Russia opposed a clause that will go into effect automatically should Syria reject the resolution and insisted that in this case, the subject of penalizing Syria will be reviewed again by the council.
In a press conference held by Lavrov and Kerry in which they announced the agreement to disarm Syria from chemical weapons, the Russian minister claimed that "any breach of the regulations will be tracked by the UNSC, and should it be approved – the council could take the necessary steps."
Conversely, Kerry claimed that any breach will be answered by sanctions – and did not mention the need for the UNSC's approval.
Lavrov at UN General Assembaly (Photo: AP)

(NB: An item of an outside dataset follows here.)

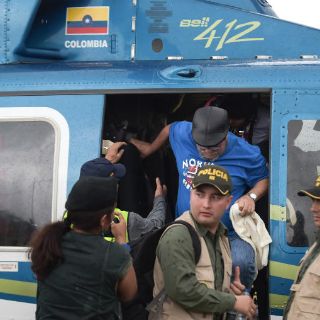 Culmina entrega de armas de FARC con acto oficial en sur de Colombia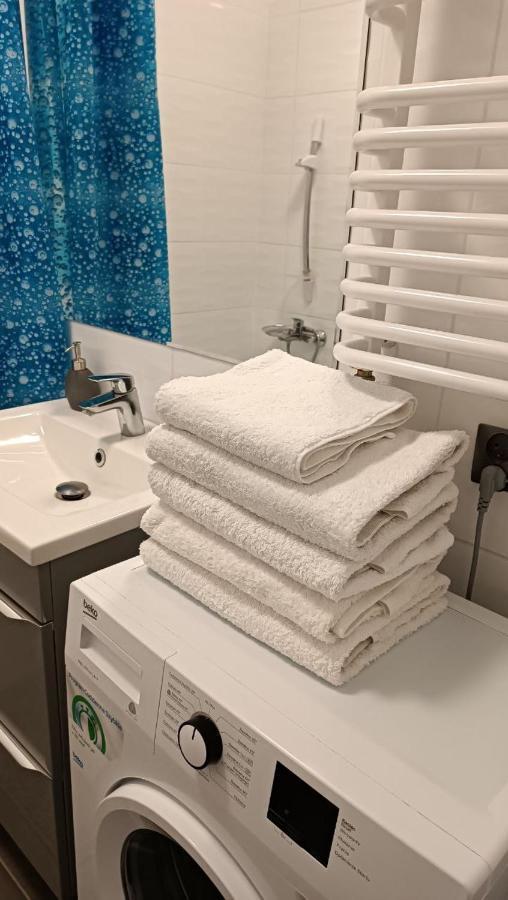 Apartment Z Ogrodkiem Na Warszawskiej Woli Warsaw Ngoại thất bức ảnh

In an interview for the CBS network Kerry confirmed that the US indeed gave up the clause of automatic military action against Syria, to prevent a Russian veto. But he clarified that the US reserves the right to strike against Syria, should it not keep its obligation to give up its chemical weapons stockpiles.
Russia also announced lately that it would be willing to secure the Syrian sites related to the chemical weapons program while the stockpiles are destroyed.
Syrian President Bashar Assad commented this week on his country's tight cooperation with Russia and said: "Russia's President Vladimir Putin arrived at the G20 summit isolated, but came out an initiator. We aided him to weaken US President Barack Obama's stance, who did not want to attack Syria in the first place. He was hesitant, fearful, and he waited for a way out."
In an interview for the Hezbollah -affiliated al-Akhbar newspaper, Assad claimed that "the Russian fulfilled and are still fulfilling their duties in all respects. They did not neglect us and we have full Russian commitments according to which Russian forces will intervene in any war directed against Syria."